Teachers flee
Press-Democrat 4/30/07
A survey released Wednesday from the Public Policy Institute of California (PPIC) cited chapter and verse on the public's frustration. More than half of those surveyed think the quality of education is a big problem. Seven in 10 think state schools are declining or not getting better.
Meanwhile, a separate report released Thursday from the California State University's Center for Teacher Quality reported that thousands of teachers are leaving their profession because they are fed up with paperwork, top-down meddling and a lack of support, including shortages of supplies and books.
As a result, a state which also has large numbers of teachers approaching retirement age, now faces a teacher shortage.
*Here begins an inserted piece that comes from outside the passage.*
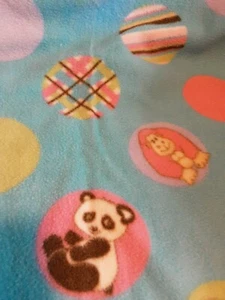 Handmade Animals In Circles 70 L X 60 W Multicolor - Picture 1 of 4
These reports follow a blue-ribbon report released in March that left no doubt that public schools in California are in crisis.
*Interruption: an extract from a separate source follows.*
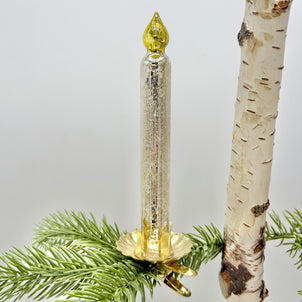 Glass Candlestick Ornament Clips, Set of 6 Multi (Ornaments)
The Getting Down to Facts Project found that student test scores rank seventh to last among all the states in math, third to last in reading and second to last in science.
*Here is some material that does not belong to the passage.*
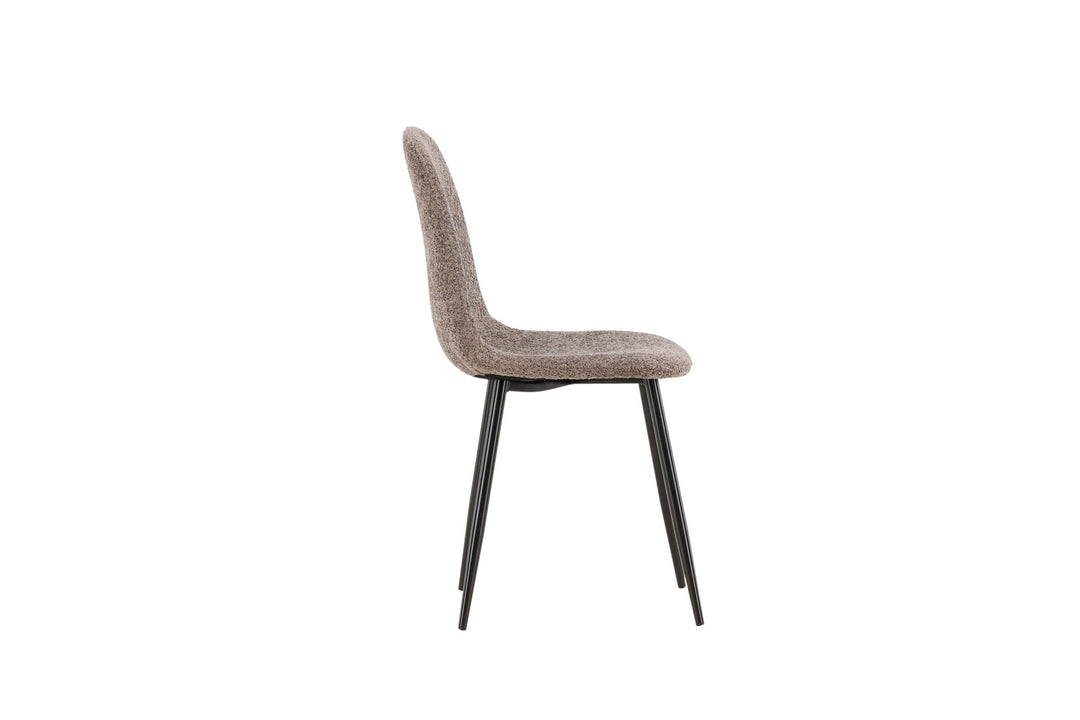 Venture Home Polar Dining Chair 2-pack - Black /  Grey boucle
In casting blame, the Stanford-based researchers offered one factor familiar to teachers. Neighborhood schools are choking on bureaucratic dictates from Sacramento.
State residents are beginning to lose faith in their state's ability to revive public education, according to the PPIC survey.
"While education remains a critical issue for most Californians," said PPIC president and CEO Mark Baldassare, "they clearly see a lack of progress and appear to be questioning the return on all the investment and activity of recent years. (Gov. Arnold Schwarzenegger) has declared 2008 the 'Year of Education Reform.' The question is, does the public have the will -- and the faith in state leaders -- to tackle this complex and controversial issue."
Even Rube Goldberg, the cartoonist famous for drawing the most convoluted contraptions, could not have imagined the mess that is education governance in California.
The governor and his education secretary, the state Legislature, the appointed state Board of Education, the elected state superintendent of public instruction, the state Department of Education, the elected county superintendent of schools, the elected county school board, elected local school boards (40 in Sonoma County alone) and the appointed district superintendents -- all these people claim some responsibility for overseeing what happens in the classroom.
Is it any wonder these people are falling all over one another? Among other bureaucratic dictates, every neighborhood school must manage more than 100 categorical programs handed down from Sacramento.
Public schools are drowning in bureaucracy, turf wars and special-interest politics, and people are losing faith.
One would think this impending train wreck would be enough to compel people of conscience in Sacramento to respond before it is too late.